Control Method and Examples

[0051] FIG. 9 is a flow chart of an embodiment of a control method 40 of the present disclosure for controlling actuation of the solenoid 10. Optional steps are shown in dashed line. In FIG. 9, the CSP value refers to one or more control signal parameter values. For example, referring to FIGS. 3 and 4, the CSP value may include specified value(s) for one or more of the acceleration phase, rest phase, and braking phase magnitudes, i.sub.a, i.sub.r, and i.sub.b, and their durations t.sub.a, t.sub.r, and t.sub.b. The set point AMP value refers to one or more desired value(s) of armature motion parameter(s) for the armature 12. For example, referring to FIG. 5, the setpoint AMP value may include specified value(s) for one or more of the set point time interval, t.sub.set, for the armature 12 to reach the set point position u.sub.set, a set point velocity du/dt.sub.set of the armature 12 upon reaching the set point position u.sub.set, and a set point rebound magnitude, u.sub.set.

[0052] The steps of the control method 40 are performed by the processor 28 executing the control method instructions 32 stored by the memory 30. In embodiments, the control method 40 may be performed while the solenoid 10 is in service in an industrial system, such as a warehouse control system, material handling system, or conveyor belt sorting system.

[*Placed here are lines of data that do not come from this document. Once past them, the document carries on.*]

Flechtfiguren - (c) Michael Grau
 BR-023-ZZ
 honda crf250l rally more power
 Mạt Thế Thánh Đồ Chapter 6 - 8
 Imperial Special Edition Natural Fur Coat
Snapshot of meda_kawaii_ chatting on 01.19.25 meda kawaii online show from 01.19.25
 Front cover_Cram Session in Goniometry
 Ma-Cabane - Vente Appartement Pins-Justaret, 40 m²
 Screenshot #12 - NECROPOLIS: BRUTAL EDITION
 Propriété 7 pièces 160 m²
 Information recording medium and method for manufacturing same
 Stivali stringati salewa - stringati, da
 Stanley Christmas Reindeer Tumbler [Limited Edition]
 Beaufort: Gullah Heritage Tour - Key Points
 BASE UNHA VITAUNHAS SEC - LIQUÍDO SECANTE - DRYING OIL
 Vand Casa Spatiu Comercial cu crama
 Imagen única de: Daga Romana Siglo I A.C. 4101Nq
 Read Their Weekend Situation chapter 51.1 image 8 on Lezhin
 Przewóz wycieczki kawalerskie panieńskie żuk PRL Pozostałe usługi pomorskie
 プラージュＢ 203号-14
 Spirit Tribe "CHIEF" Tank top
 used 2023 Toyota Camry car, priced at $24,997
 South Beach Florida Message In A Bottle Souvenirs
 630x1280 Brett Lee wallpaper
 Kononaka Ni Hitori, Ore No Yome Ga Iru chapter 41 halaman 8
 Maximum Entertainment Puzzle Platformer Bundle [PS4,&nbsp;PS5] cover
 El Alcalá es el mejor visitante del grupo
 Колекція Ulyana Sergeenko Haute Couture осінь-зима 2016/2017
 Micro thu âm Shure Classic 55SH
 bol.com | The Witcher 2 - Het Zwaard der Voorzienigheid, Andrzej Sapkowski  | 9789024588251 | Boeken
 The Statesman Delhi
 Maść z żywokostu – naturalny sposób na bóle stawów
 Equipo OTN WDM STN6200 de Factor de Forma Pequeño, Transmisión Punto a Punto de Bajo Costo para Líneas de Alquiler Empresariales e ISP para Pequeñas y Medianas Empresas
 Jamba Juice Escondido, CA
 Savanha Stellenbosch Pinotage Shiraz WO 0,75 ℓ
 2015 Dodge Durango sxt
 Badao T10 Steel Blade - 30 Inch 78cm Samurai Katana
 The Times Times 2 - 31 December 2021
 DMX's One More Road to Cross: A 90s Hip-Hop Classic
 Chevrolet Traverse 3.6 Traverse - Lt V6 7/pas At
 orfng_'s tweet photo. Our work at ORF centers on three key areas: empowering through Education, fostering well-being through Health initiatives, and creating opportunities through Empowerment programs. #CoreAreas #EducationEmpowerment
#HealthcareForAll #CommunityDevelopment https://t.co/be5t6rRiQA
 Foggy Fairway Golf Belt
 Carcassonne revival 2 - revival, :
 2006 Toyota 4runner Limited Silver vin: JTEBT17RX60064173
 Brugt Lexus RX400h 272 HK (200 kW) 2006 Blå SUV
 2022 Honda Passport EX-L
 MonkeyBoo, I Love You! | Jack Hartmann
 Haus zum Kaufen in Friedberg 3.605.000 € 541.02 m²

In such embodiments, the magnitude of the load 16 (FIG. 1) actuated by the solenoid 10, the operating conditions and/or the wear of the solenoid 10 may vary over time while the control method 40 is performed. The control method 40 includes a repeating control loop as follows.

[0053] At step 42, the processor 28 determines, for an actuation cycle of the solenoid 10, a CSP value corresponding to a set point armature motion parameter value based on the parameter array 34 stored in the memory 30 and relating the control signal parameter value to the set point armature motion parameter value. For example, suppose that the set point AMP value includes a set point time interval, t.sub.set, of 0.5 seconds, a set point velocity, du/dt.sub.set, of 0 m/s when the armature 12 reaches the set point position, u.sub.set, and a set point rebound magnitude, u.sub.set, of 0 mm. For example, in one embodiment in which the parameter array 34 is a lookup table, the processor 28 uses the set point AMP value as a key to address a corresponding CSP value in the parameter array 34.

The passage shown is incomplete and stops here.